Semar adalah figur ulama, yang menjadi pendamping umara’ dalam menjalankan roda pemerintahan. Tugas ulama adalah memberikan wawasan kepada umara’, bahkan harus berani mengoreksi bila mereka keliru.

Gareng

Tokoh ini adalah penggambaran yang buruk tentang fisik manusia, namun di dalamnya adalah manusia yang utuh.

Nalagareng

Gareng adalah figur buruk rupa, badan kecil pendek, matanya juling, tangannya ”cekot”, dan kakinya pendek sebelah.Lidahnya pun kelu dan tidak bisa berbicara lancar dan benar.

Gareng akan selalu bertindak benar, karena mata yang juling mengingatkan untuk hanya melihat yang halal, tangan yang cekot tidak bisa dipakai untuk mencuri, kaki yang pincang menghambat untuk bepergian ke tempat maksiat, serta lidah yang kelu tidak mungkin dipergunakan menipu dan berghibah.

Petruk

Para dalang biasanya menggunakan tokoh Petruk untuk menyindir kondisi jaman, namun tidak membuat orang sakit hati karena ia seorang yang humoris dan berwajah manis. Petruk digambarkan cerdas dan pandai berdiskusi. Dalam lakon pewayangan, Petruk ini sering melugaskan ungkapan Semar yang kadangkala terlalu filosofis.

Petruk mengingatkan saya pada peran karikatur di media masa sebagai kontrol sosial. Cerdas, mengritik, namun humoris tanpa menyudutkan. Orang-orang semacam Petruk selalu ada, dan jangan diabaikan karena mereka jeli dalam menterjemahkan berbagai kondisi sosial, politik, dan budaya.

Bagong

Sebagai “anak bawang” Bagong menampilkan sosok yang kekanak-kanakan dalam bersikap. Ia seperti kebalikan Petruk yang cerdas dan kompleks. Matanya lebar menampakkan kenaifan, dan bila berbicara suka “nyeletuk” dengan pertanyaan bodoh tetapi benar. Badannya tambun mirip Semar, tetapi lebih pendek.

Bagong adalah sisi naif kehidupan. Ketika semua orang berpikir kompleks, terlalu kompleks dan tidak menemukan pemecahan, sisi Bagong kadangkala menyelamatkan. Bagong adalah wujud kegembiraan kanak-kanak setiap manusia.

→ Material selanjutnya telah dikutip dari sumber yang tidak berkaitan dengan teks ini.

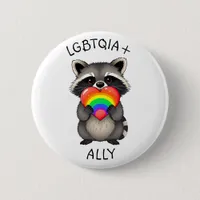 LGBTQIA+ Ally | Raccoon with Rainbow Heart Button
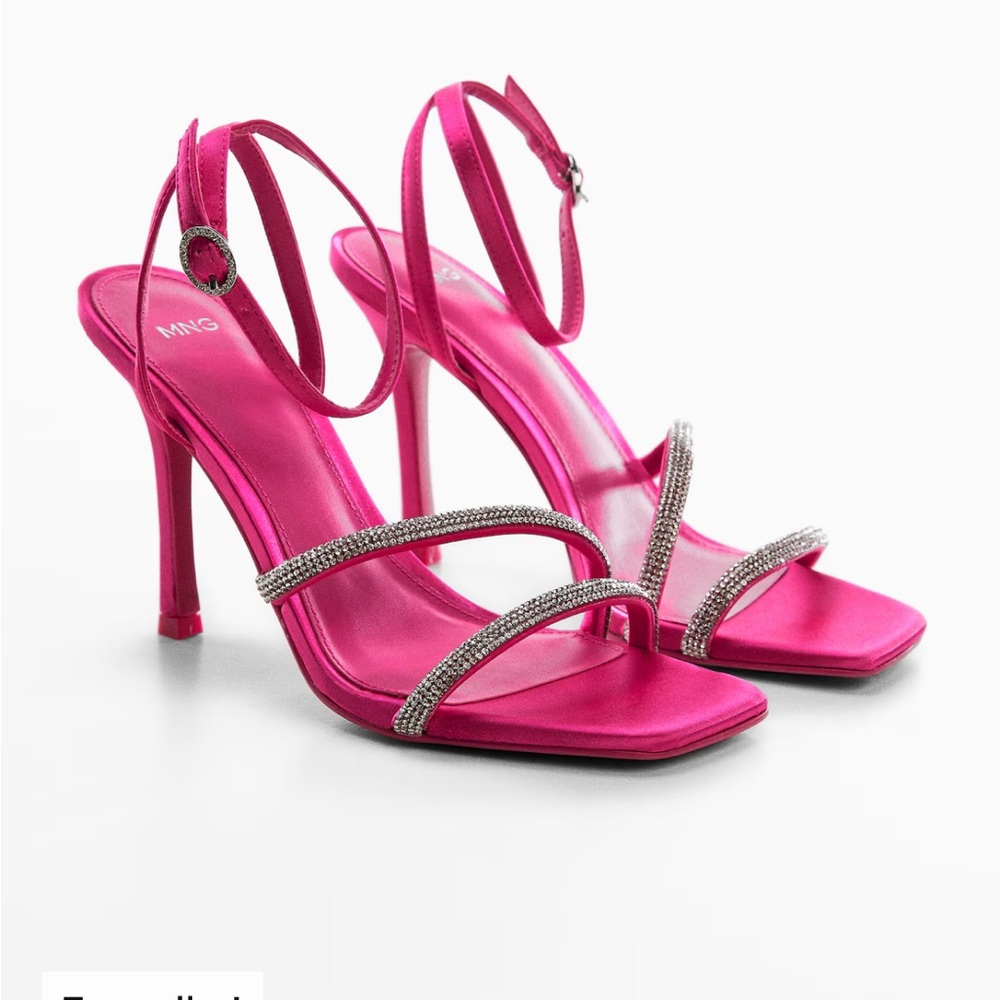 Pink Heeled sandals with rhinestone straps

Bila Semar selalu berpikir arif, Gareng selalu tergagap dalam berbicara, Petruk menjadi alat sang dalang untuk menyampaikan pikirannya tentang kondisi aktual. Tiba-tiba Bagong menyeletuk:”Lho, lha sebenarnya kenapa ya orang itu kok rebutan kursi? Mbok ya bawa kursi sendiri-sendiri dari rumah!” Keempat punakawan adalah kesatuan ciri manusia secara universal.

Namun demikian, saya paling mengagumi satire tokoh Nalagareng yang serba cacat, karena Allah memang tidak pernah menciptakan manusia secara sempurna. Kecacatan kita – apapun itu – sebenarnya adalah peringatan bagi manusia untuk selalu melakukan perbuatan yang benar.